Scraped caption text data
BEGIN

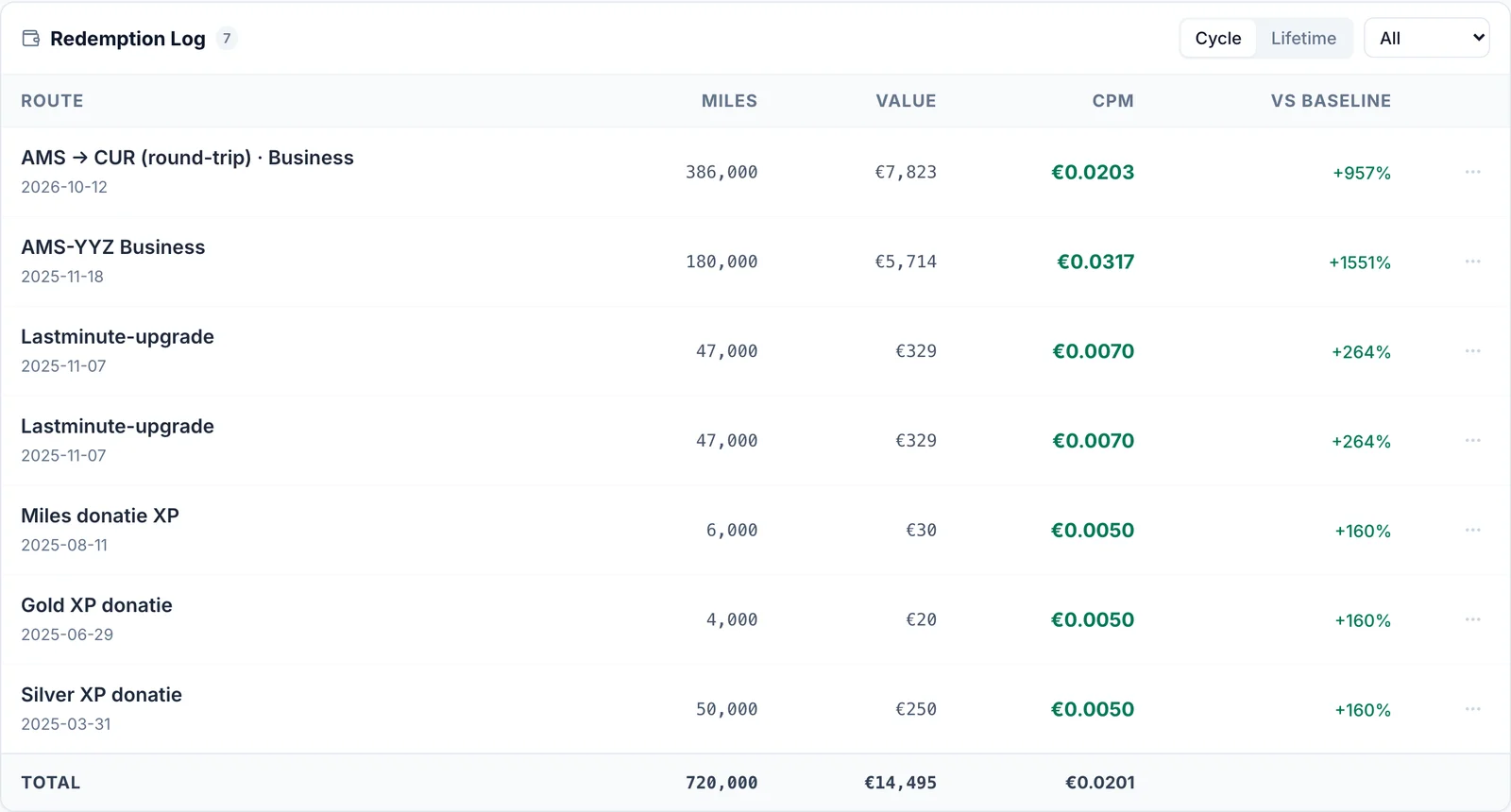 SkyStatus Redemption Log: 7 inwaarderingen met CPM en vs Baseline - AMS-CUR Business EUR 0,0203 (+957%), AMS-YYZ Business EUR 0,0317 (+1551%), Lastminute-upgrades EUR 0,0070, donaties EUR 0,0050. Totaal 720.000 miles, EUR 14.495 waarde, EUR 0,0201 CPM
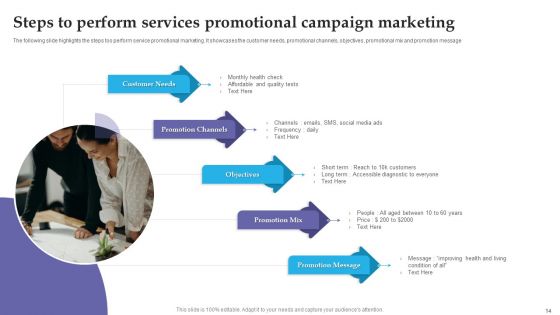 Services Promotional Campaign Ppt PowerPoint Presentation Complete With Slides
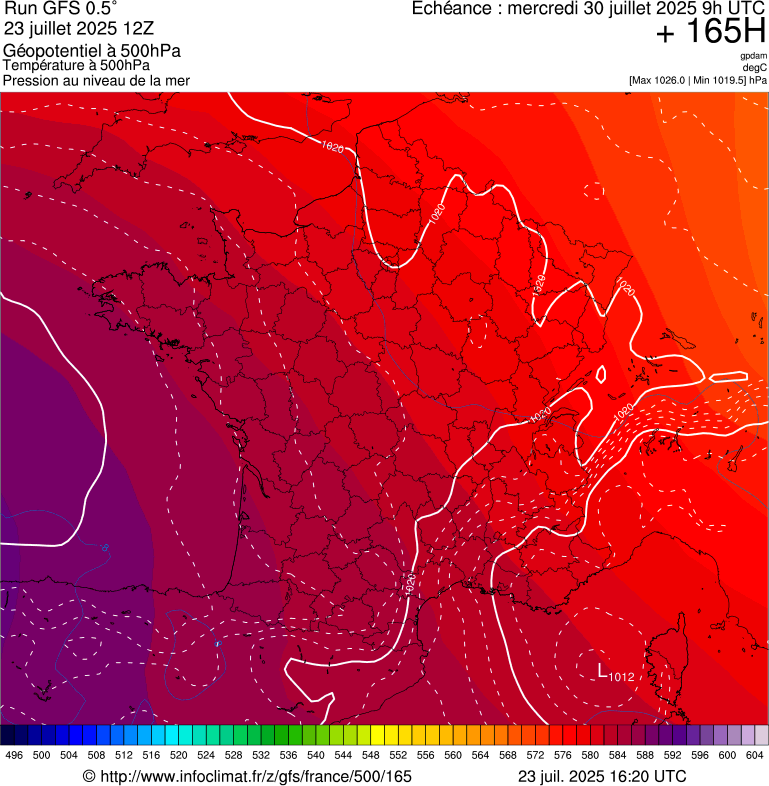 image modeles meteo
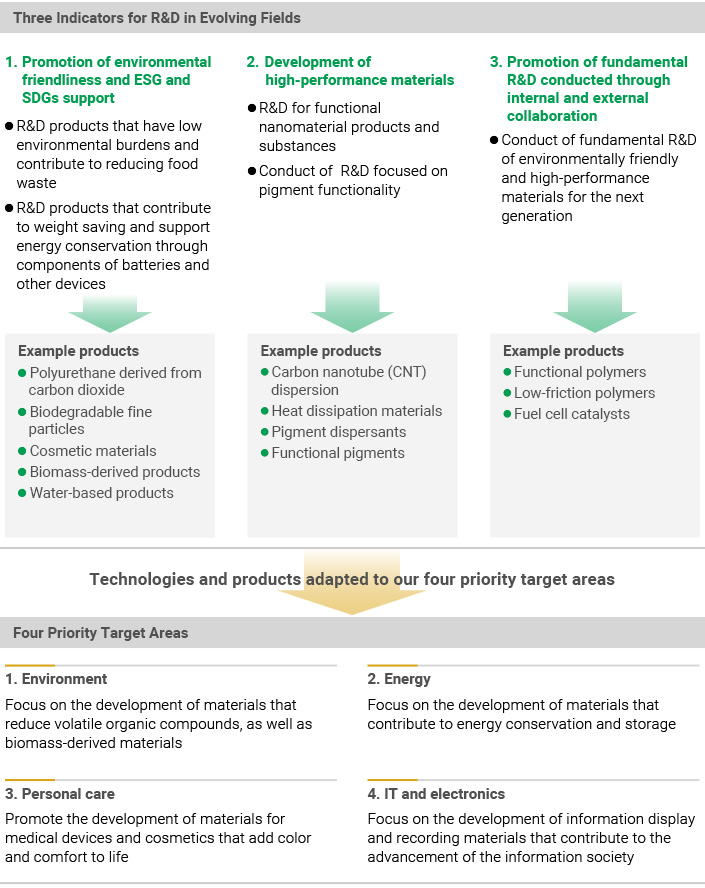 Four Priority Target Areas and Products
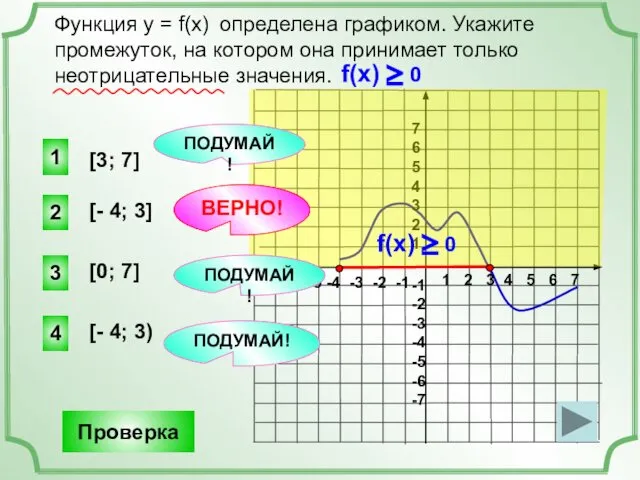 Функция у = f(x) определена графиком. Укажите промежуток, на котором она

END

» TO DO
Go to the line with "Four Priority Target Areas and Products" in the entries above. Reproduce that line and each one after it to the end, exactly and without the pictures.

» ANSWER AREA
 Four Priority Target Areas and Products
 Функция у = f(x) определена графиком. Укажите промежуток, на котором она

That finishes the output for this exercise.